> [Assigned task] The copy should hold only the line containing "DYNACOAT BASECOAT SB" and the lines after it through the end of the material, each exact, with no pictures.

> [Data block]

%%

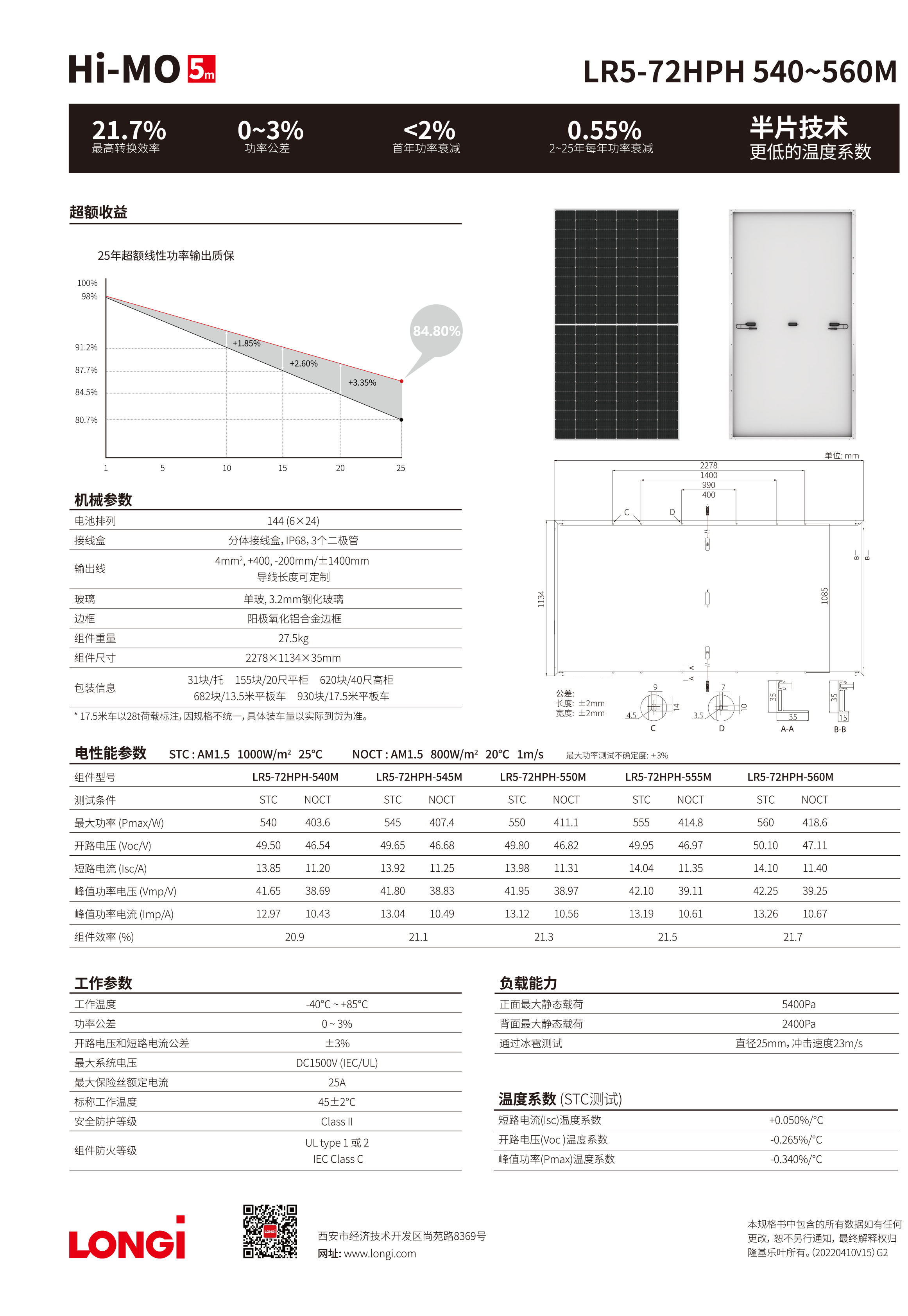 Longi Mono Solar Panel Half Cell 540w 550w 555w 560w Solar Panels Set For Houses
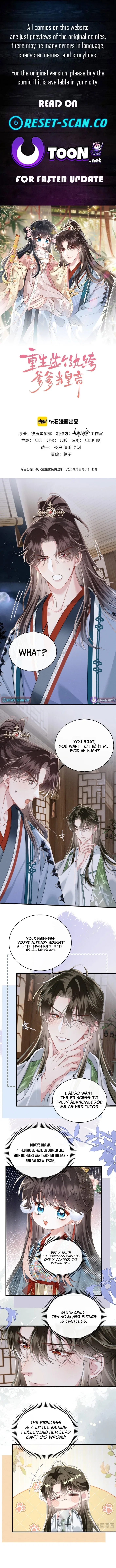 Reborn to Choose a Playboy Father as Emperor Chapter 24 – Page 1
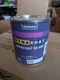 DYNACOAT BASECOAT SB MM P32 MEDIUM GOLD MICA 900mL/0.95 US QUART #567961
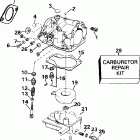 J30RERM Carburetor - 25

%%

> [Task response]
 DYNACOAT BASECOAT SB MM P32 MEDIUM GOLD MICA 900mL/0.95 US QUART #567961
 J30RERM Carburetor - 25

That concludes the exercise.